_Records for processing:_
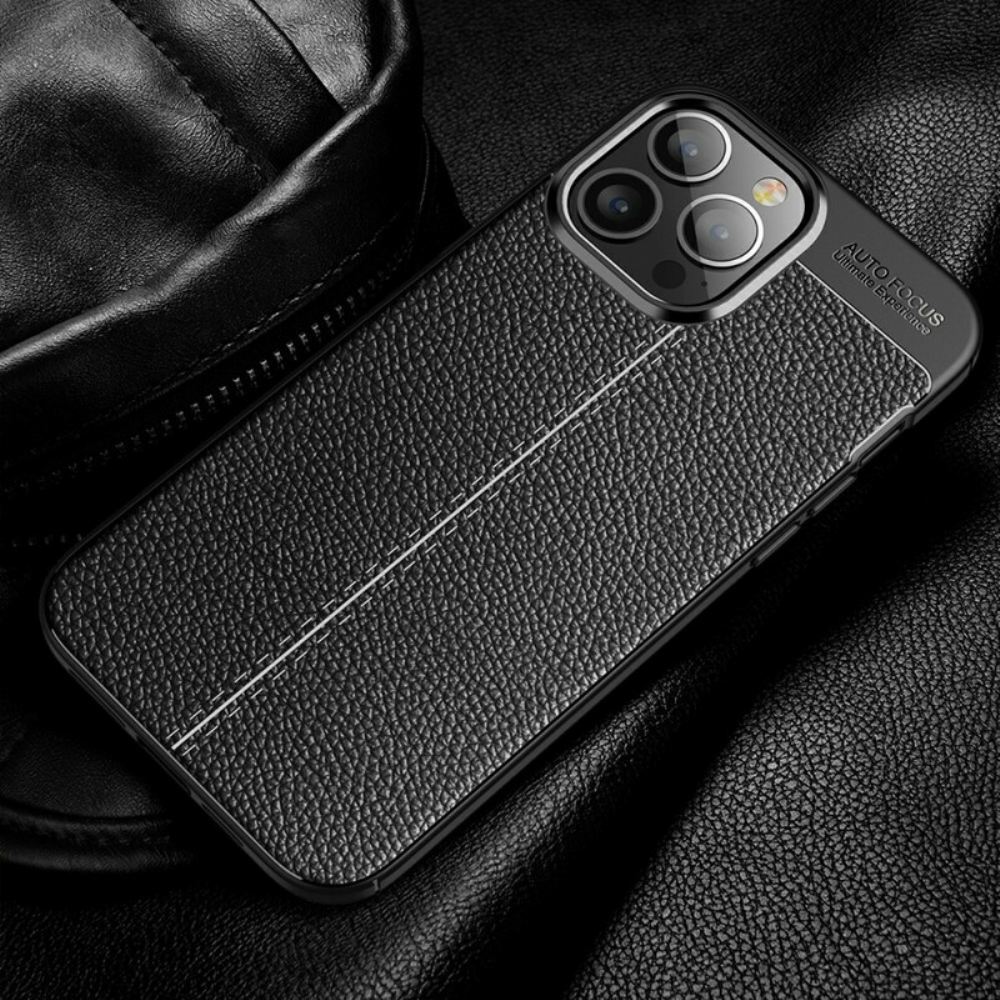 Kryt Na iPhone 13 Pro Max Dvojitá Linie Litchi Kožený Efekt
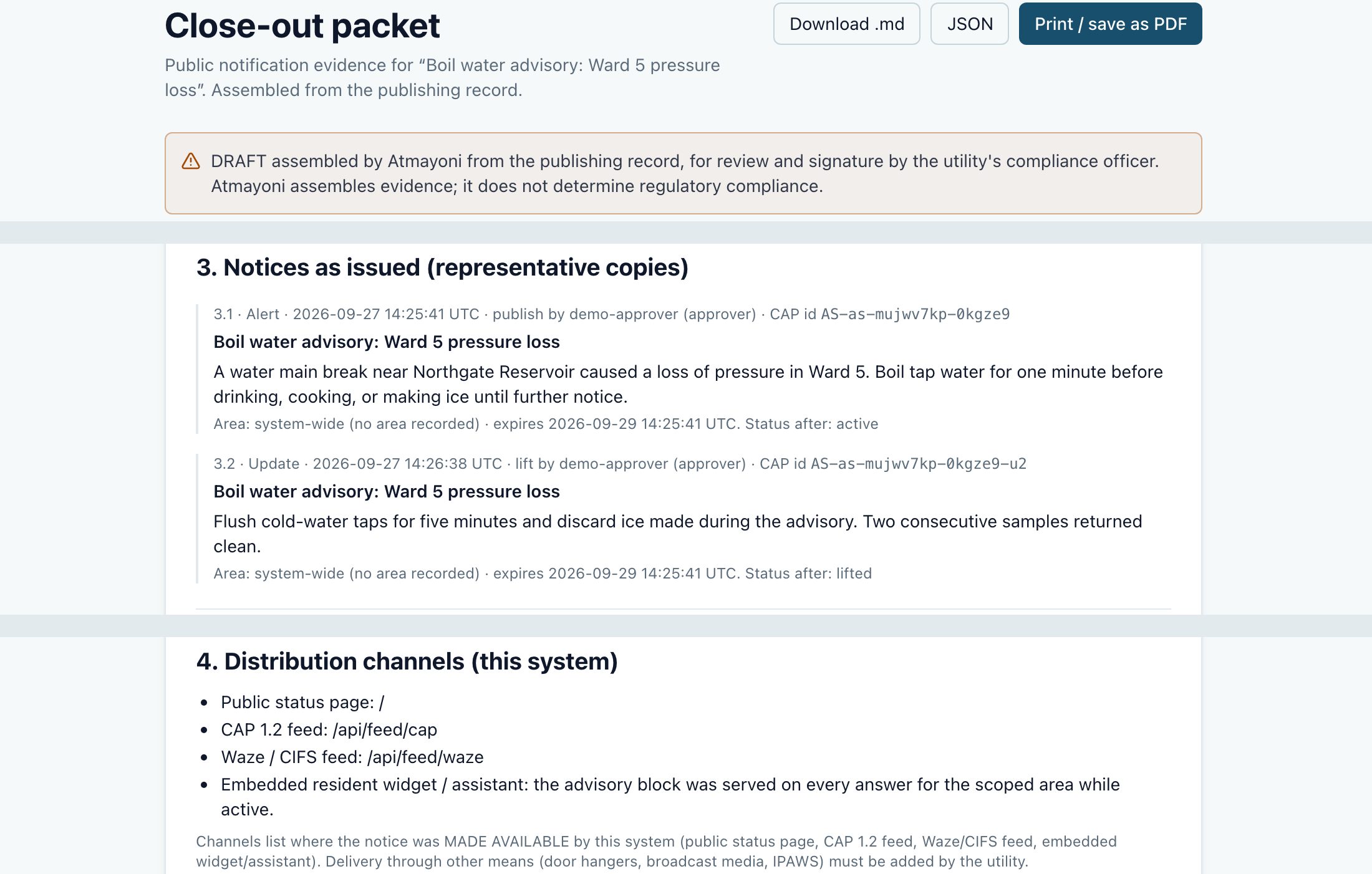 The close-out packet: notices as issued with CAP ids and named actors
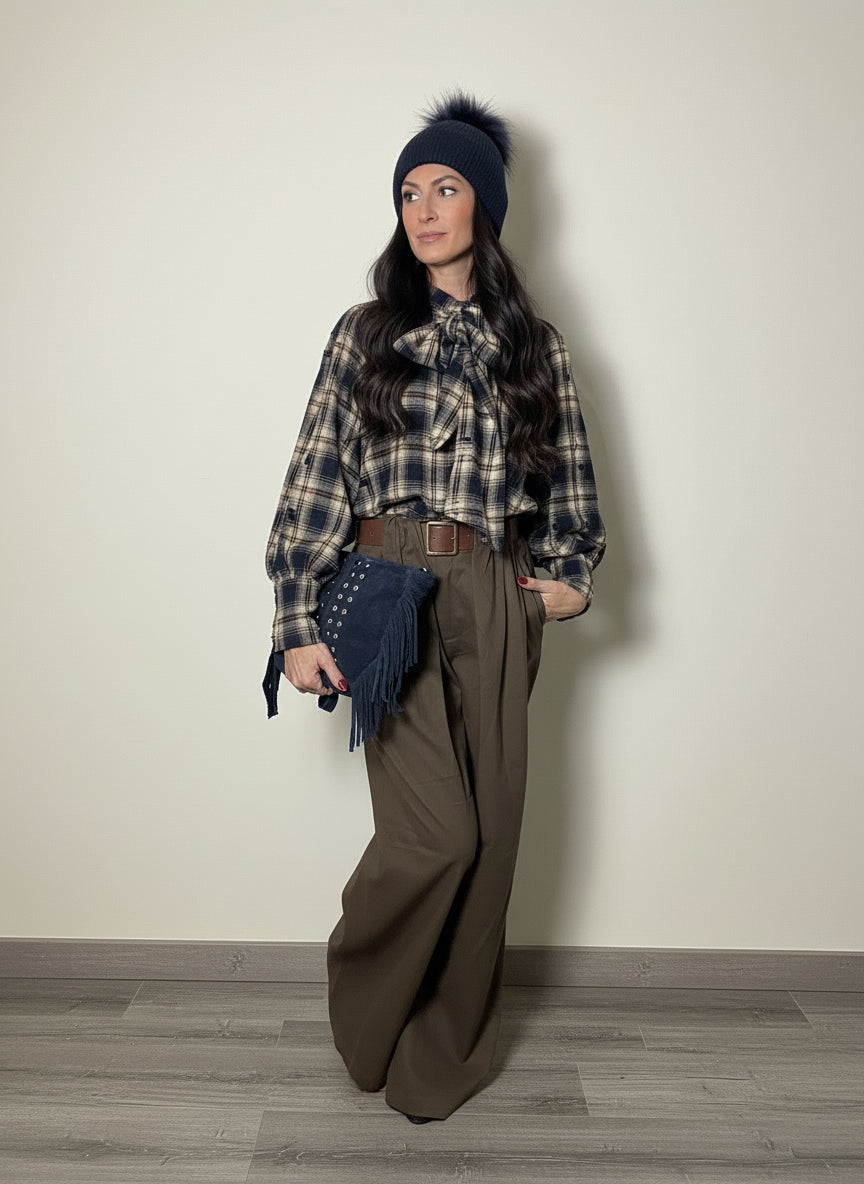 Camicia Check fiocco blu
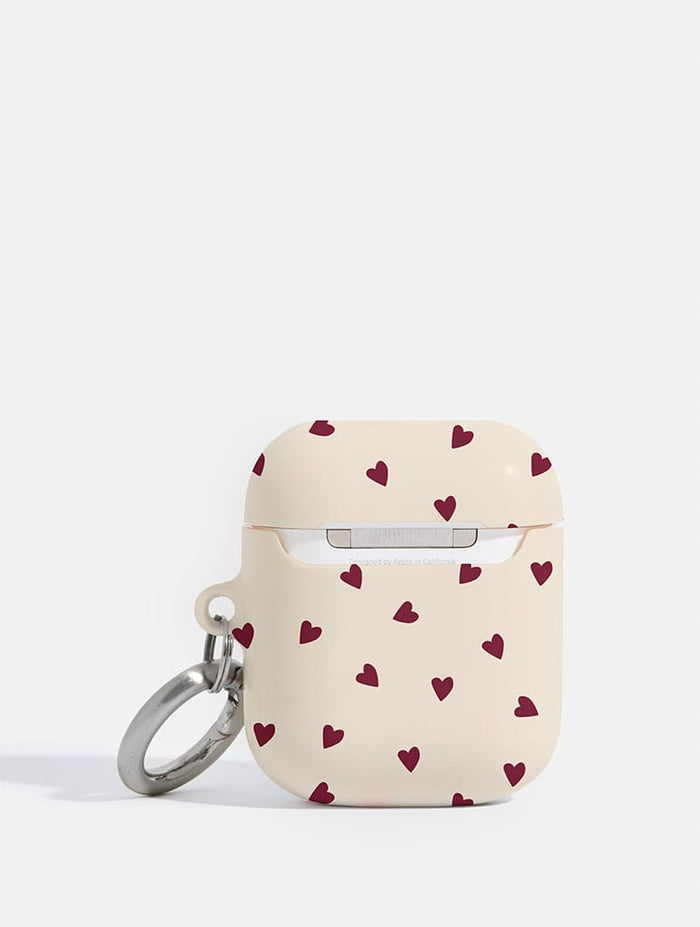 Cream and Burgundy Ditsy Hearts AirPods Case AirPods Cases Skinnydip London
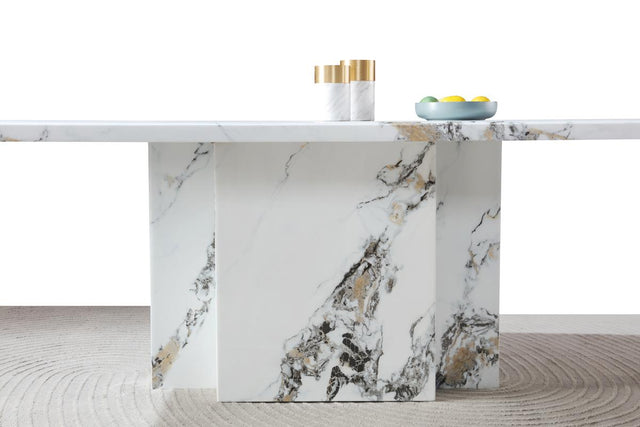 (8810-5) Real Marble Dining Table W/ Single Marble Leg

_About this task:_ When you repeat the data, keep every line exact and drop the images.

_Task solution:_
 Kryt Na iPhone 13 Pro Max Dvojitá Linie Litchi Kožený Efekt
 The close-out packet: notices as issued with CAP ids and named actors
 Camicia Check fiocco blu
 Cream and Burgundy Ditsy Hearts AirPods Case AirPods Cases Skinnydip London
 (8810-5) Real Marble Dining Table W/ Single Marble Leg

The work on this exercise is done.